If ports are not supplied for the Kubernetes service, then the IngressRoute status will be set accordingly with an error message.

Allowing for TLS proxying and validation should still be applied as it exists already so users can proxy to a TLS upstream as well as validate the certificate+subject alt name of the upstream service.

Detailed Design

  • The TCPService struct in internal/dag/dag.go will have a new externalName string field added.
  • When services are added in internal/dag/builder.go, if svc.Spec.Type == v1.ServiceTypeExternalName then the value of svc.Spec.ExternalName will be set to the TCPService struct's externalName.
  • Since the service does not have any Kubernetes Endpoints, we cannot rely on having an EDS cluster to reference from the CDS cluster. For this type of service (i.e.

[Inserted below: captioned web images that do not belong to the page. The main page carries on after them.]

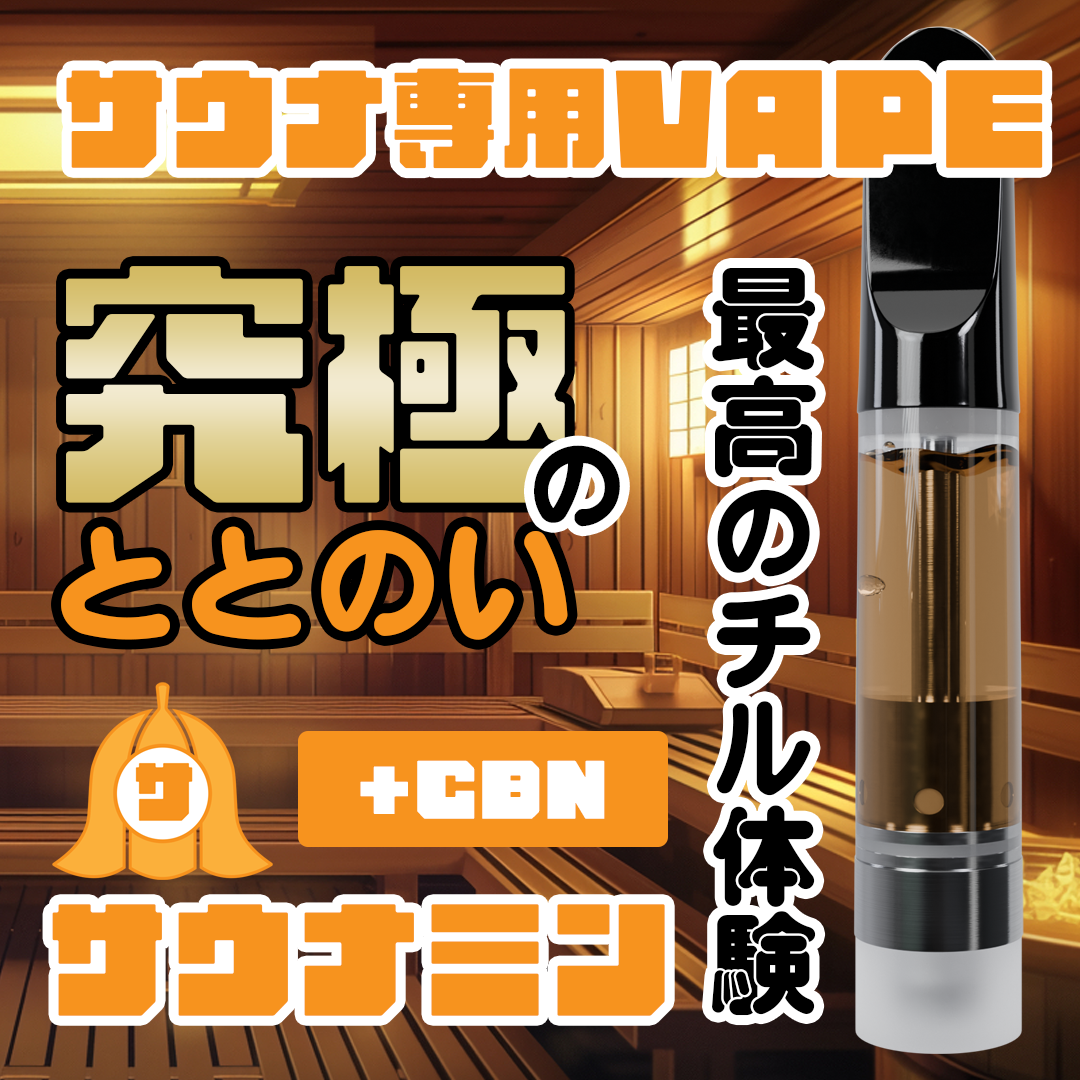 【サウナ専用】ベイプリキッドサウナミン+CBN 1ml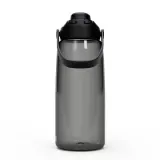 Бутылка для воды Camelbak Thrive Chug — фото 2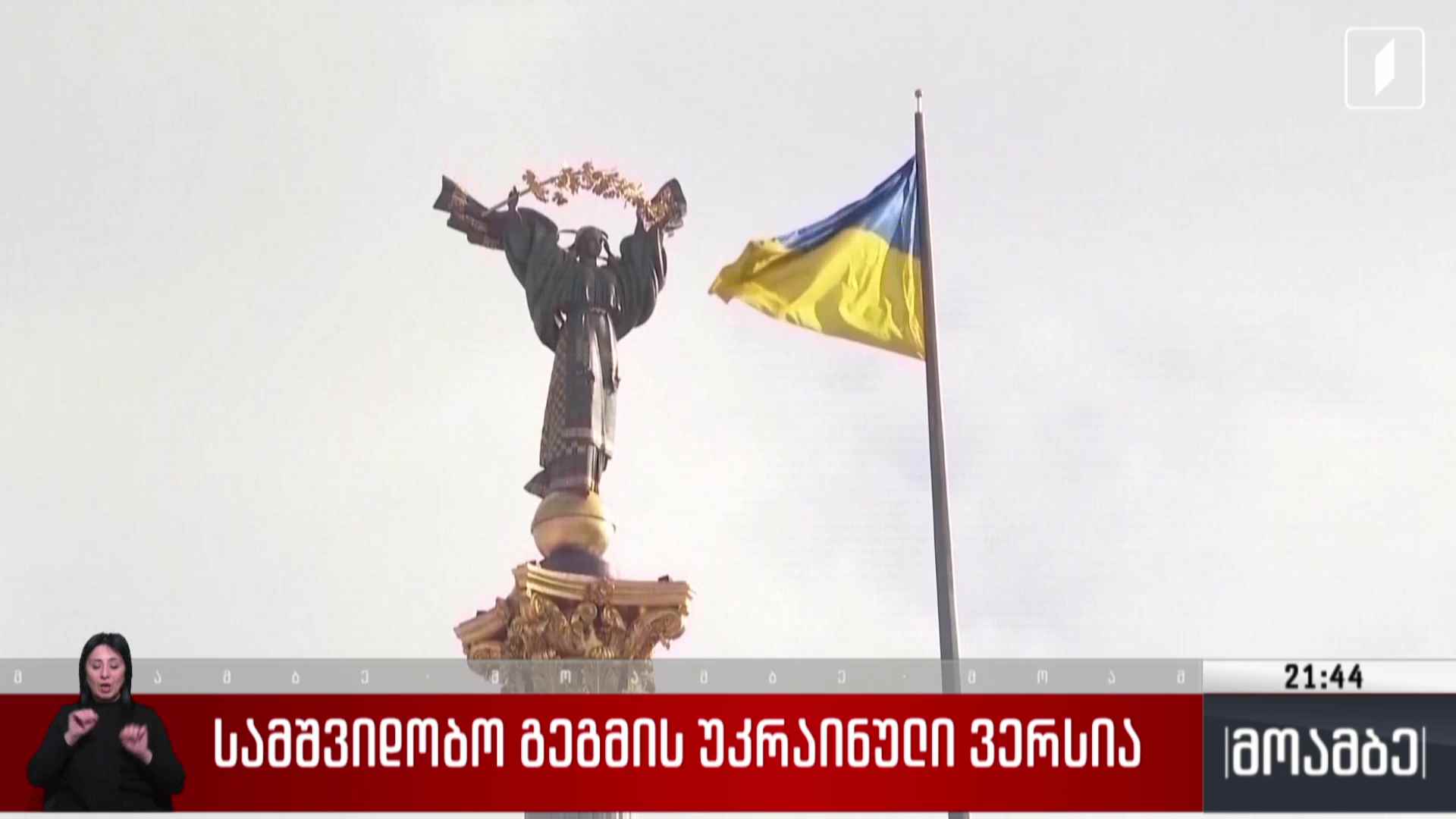 სამშვიდობო გეგმის უკრაინული ვერსია 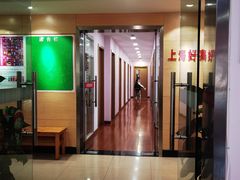 -好莱坞音乐进修学校(四川北路校区)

ExternalName) when creating the cluster in internal/envoy/cluster.go, instead of setting a EdsClusterConfig, we'll configure a LoadAssignment which should allow us to specify the endpoint defined in externalName dynamically.

Alternatives

Potentially, we could avoid using a Service of type ExternalName by simply just extending the IngressRoute CRD as proposed here: https://github.com/projectcontour/contour/issues/825#issue-386869426

The downside to this approach is it couldn't be used with Ingress resources.

Security Considerations

Potentially someone could use an ExternalName service to reference services in another namespace by setting the externalName (ex: other-service.namespace-other.svc.cluster.local).

This scenario exists in a cluster regardless if Contour is deployed or not, other security restrictions should be applied if users want to avoid this from happening.